Recorded information:
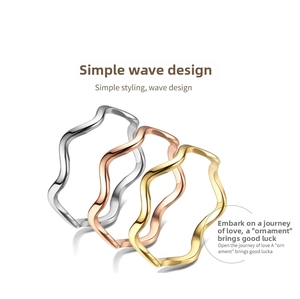 Macro detail of three minimalist wave rings in silver, gold, and rose gold finish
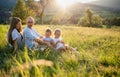 Young family with two small children sitting on meadow outdoors at sunset. Royalty Free Stock Photo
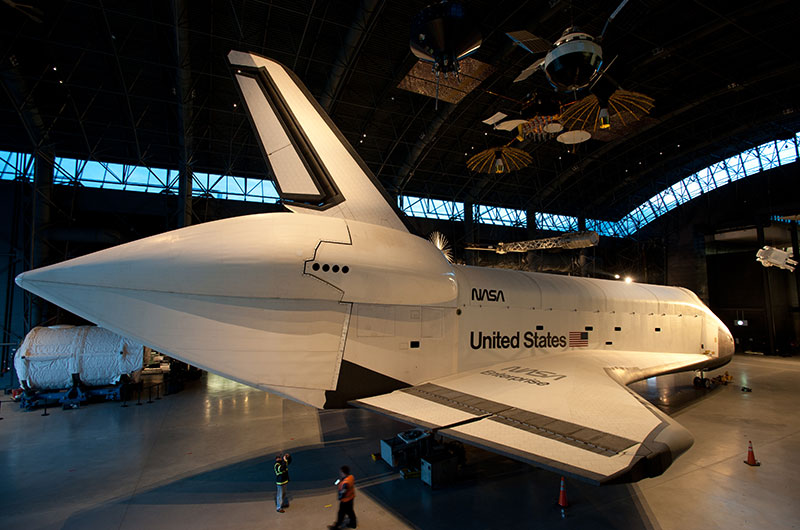 Final wheels stop: Space shuttle Discovery enters the Smithsonian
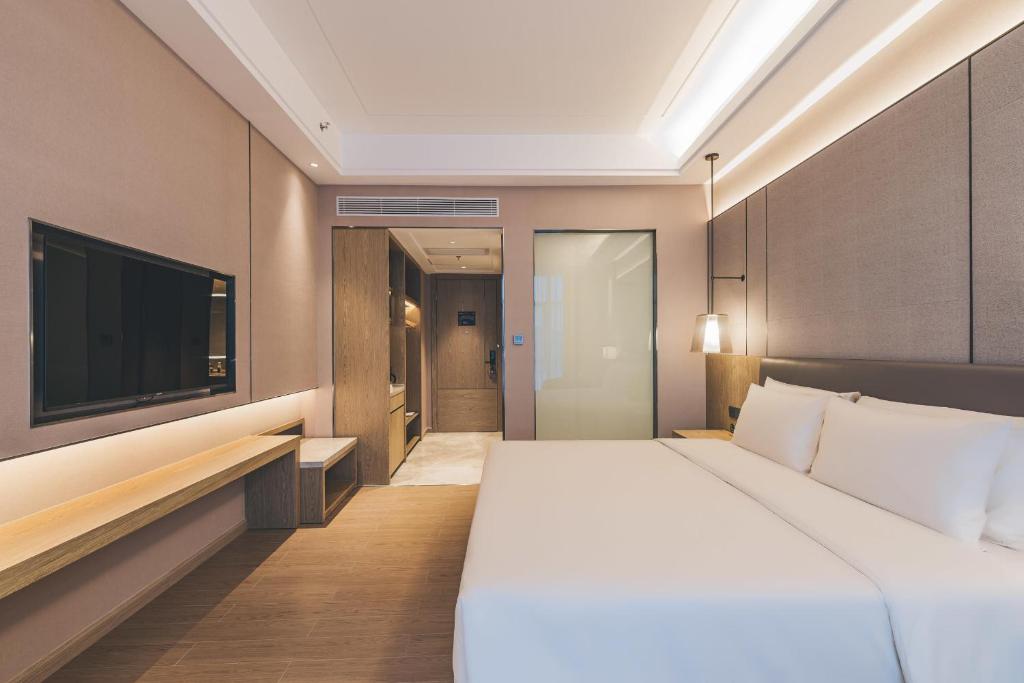 Postel nebo postele na pokoji v ubytování Atour Hotel Shenzhen Xili Innovation Valley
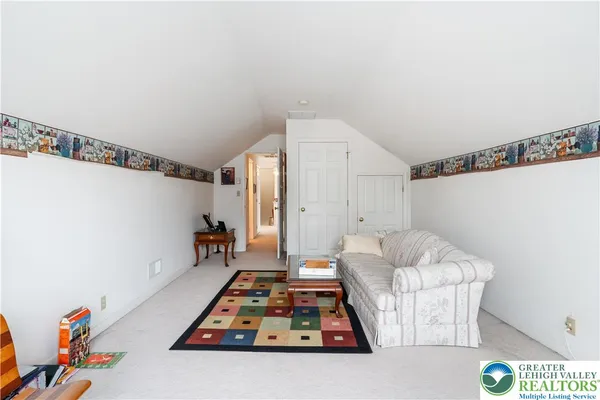 a bedroom with bed and window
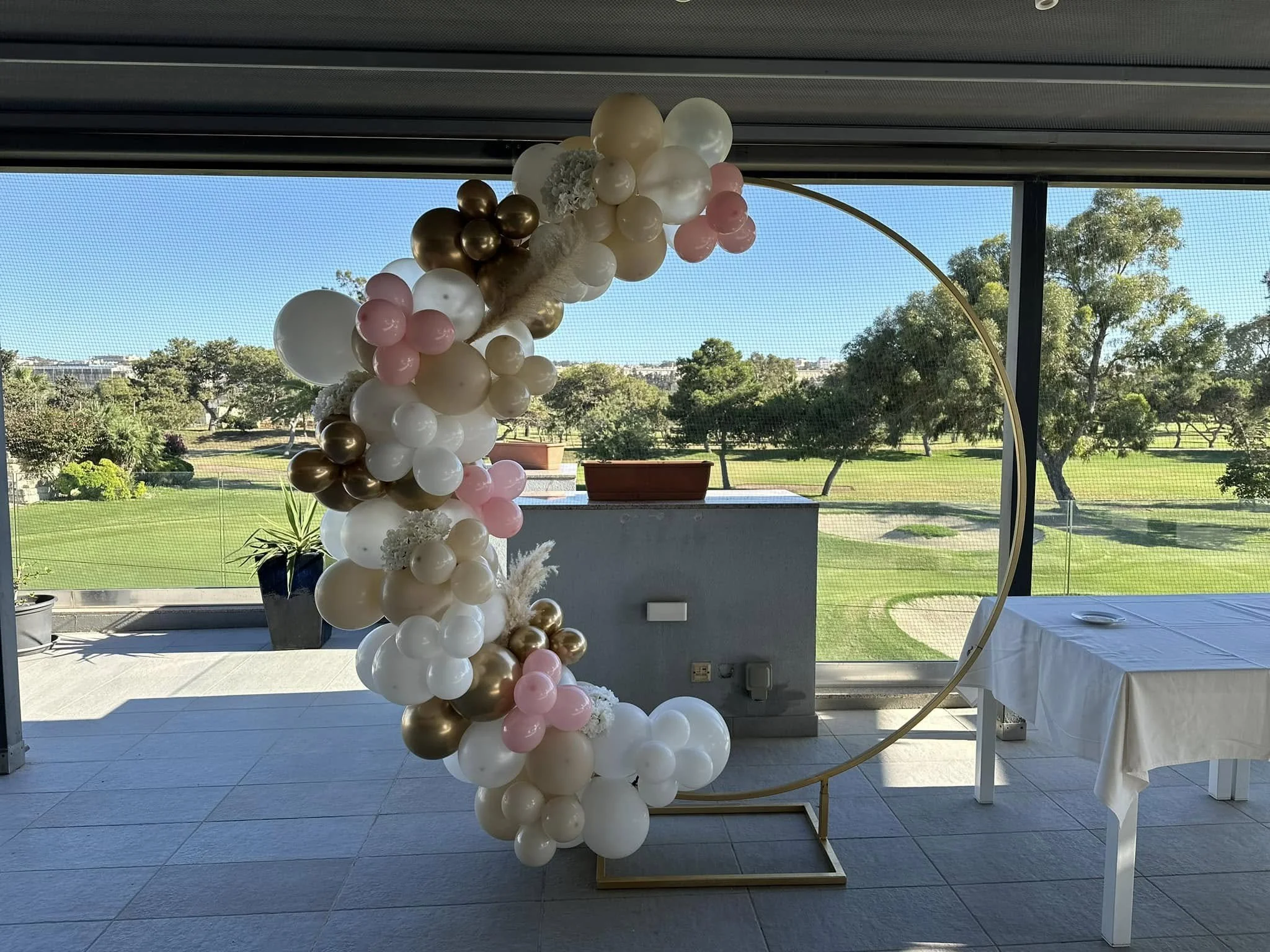 Balloon arrangement with white, pink, gold, and pearl-colored balloons, creating an arch, positioned by a window with a outdoor park scene.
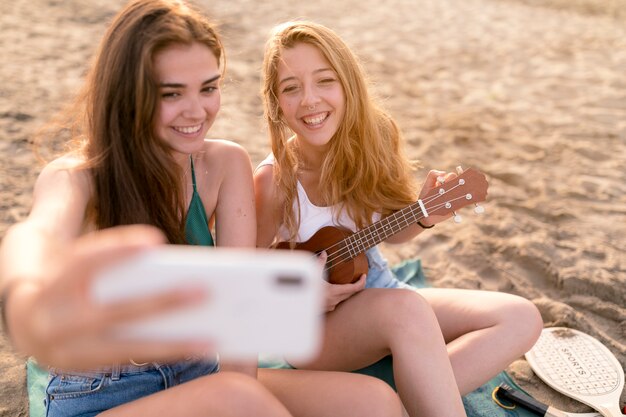 Amigos disfrutando de tocar el ukelele tomando selfie en la playa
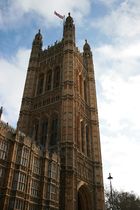 View from below of a large square tower, connected at the left to a lower building. It features an arched portal at its base, and two rows of three high windows on each side. The corners are formed by round turrets, which rise above the main roof-line. A flag flies from a pole at the top of the tower.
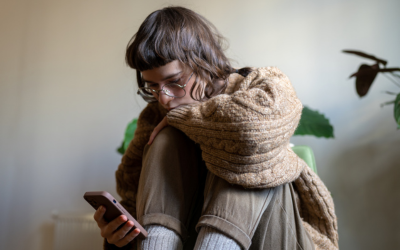 Lonely thoughtful teen girl spending free time at home alone scrolling news, photos in smartphone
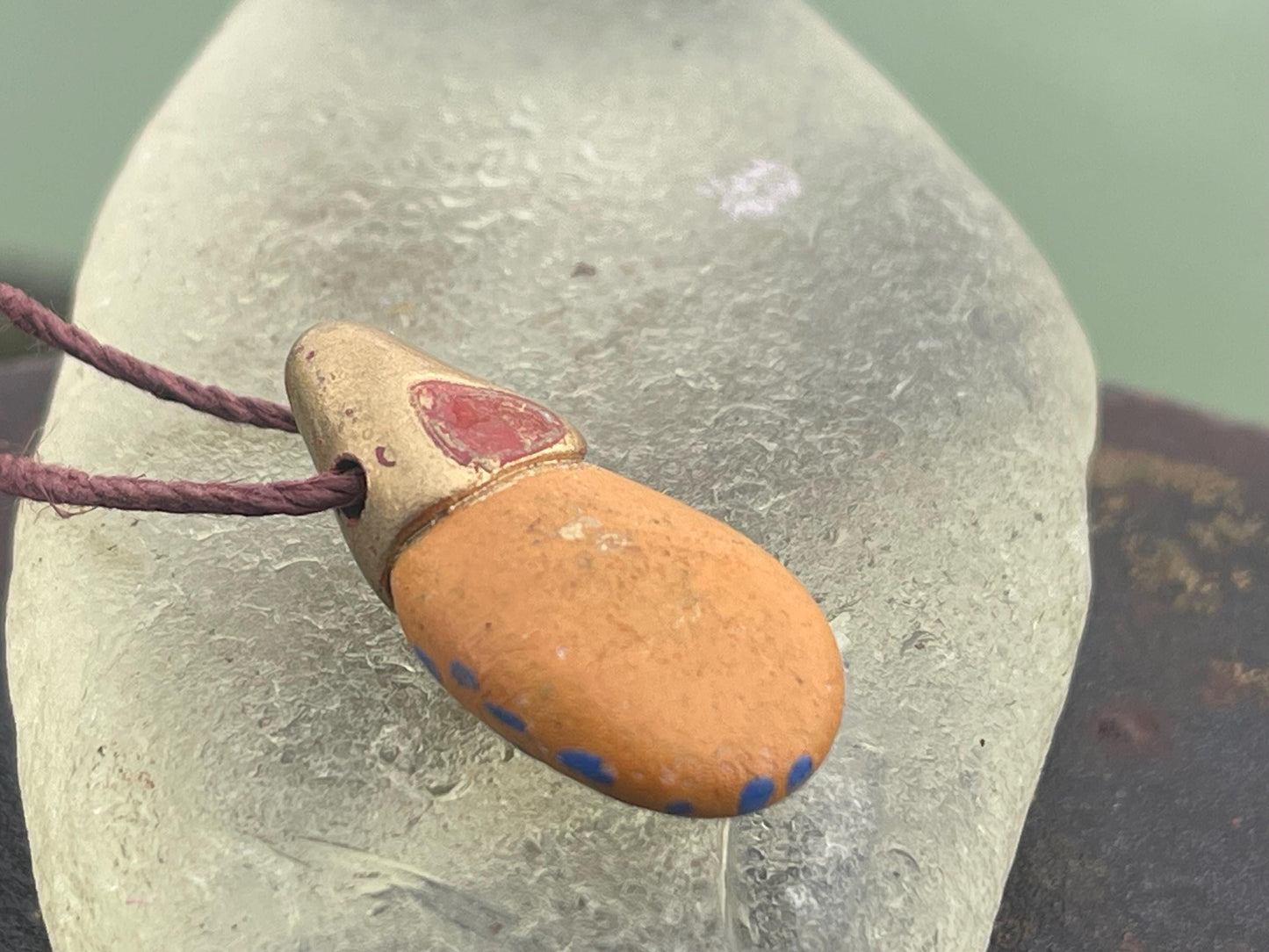 Pebble pendants. Painted pebble necklaces. Hand painted eco friendly necklaces. Eco friendly jewellery. Ethical handmade jewellery.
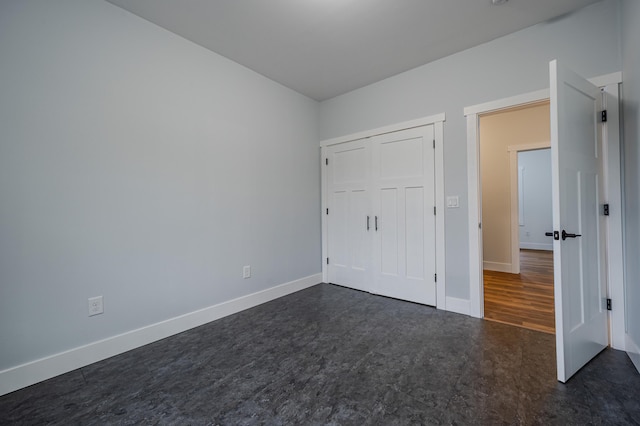 3935 W Destiny Dr, Hart, MI 49420 - unfurnished bedroom with baseboards and a closet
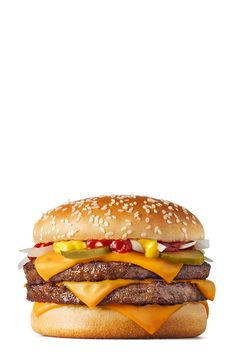 a hamburger with cheese, ketchup and pickles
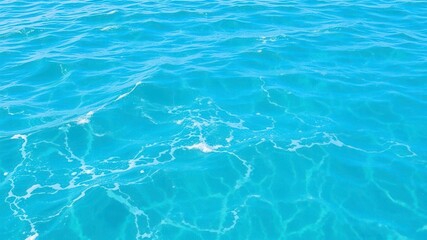 Obraz premium Pure blue turquoise water with foamy waves, perfect for tropical paradise designs and sea backgrounds, aquatic, relaxation, tranquil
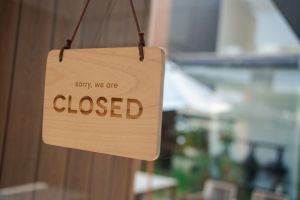 Closed message on wood tag in a glass door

Brief: The answer must be the lines above from the line that contains "3935 W Destiny" to the final line of the data, word for word, with no pictures.

Completed exercise:
 3935 W Destiny Dr, Hart, MI 49420 - unfurnished bedroom with baseboards and a closet
 a hamburger with cheese, ketchup and pickles
 Obraz premium Pure blue turquoise water with foamy waves, perfect for tropical paradise designs and sea backgrounds, aquatic, relaxation, tranquil
 Closed message on wood tag in a glass door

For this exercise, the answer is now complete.